DATASET EXCERPT section start

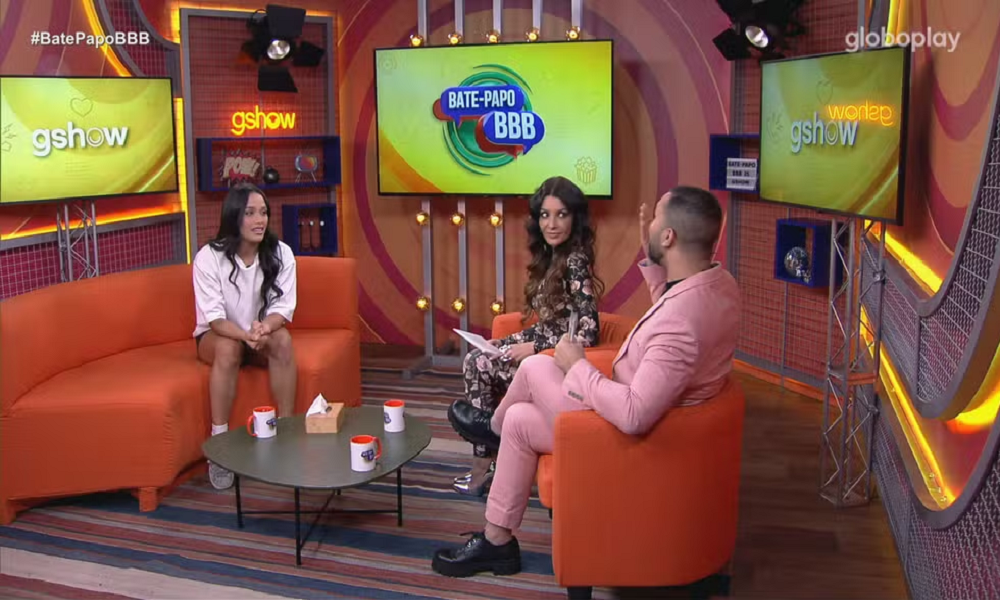 BBB 25: Eva se surpreende ao escutar críticas de João Pedro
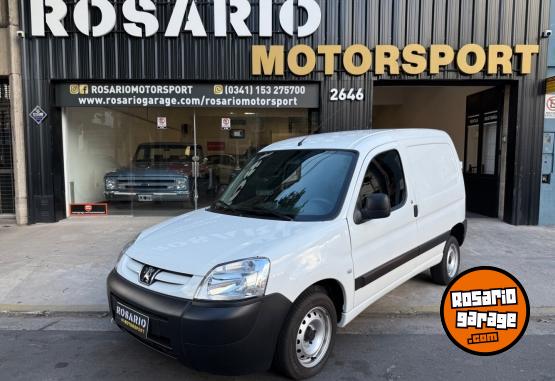 Utilitarios - Peugeot partner 2022 GNC 16000Km - En Venta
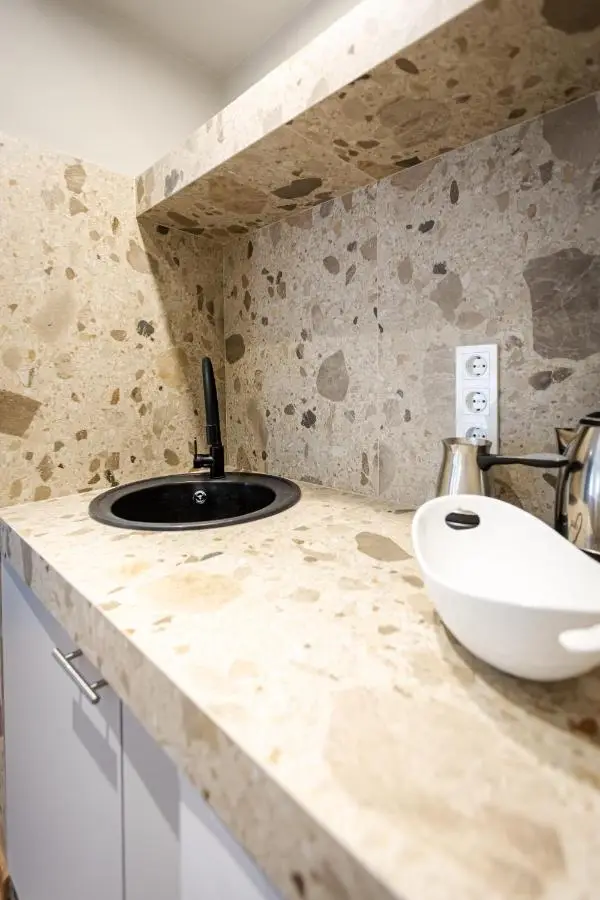 Apart Meidani - Stylish Old Town Apartment with Balcony & Synagogue View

DATASET EXCERPT section end

WHAT YOU HAVE TO DO - From the listing, extract all text exactly as given and drop any picture.

EXPECTED OUTPUT -
 BBB 25: Eva se surpreende ao escutar críticas de João Pedro
 Utilitarios - Peugeot partner 2022 GNC 16000Km - En Venta
 Apart Meidani - Stylish Old Town Apartment with Balcony & Synagogue View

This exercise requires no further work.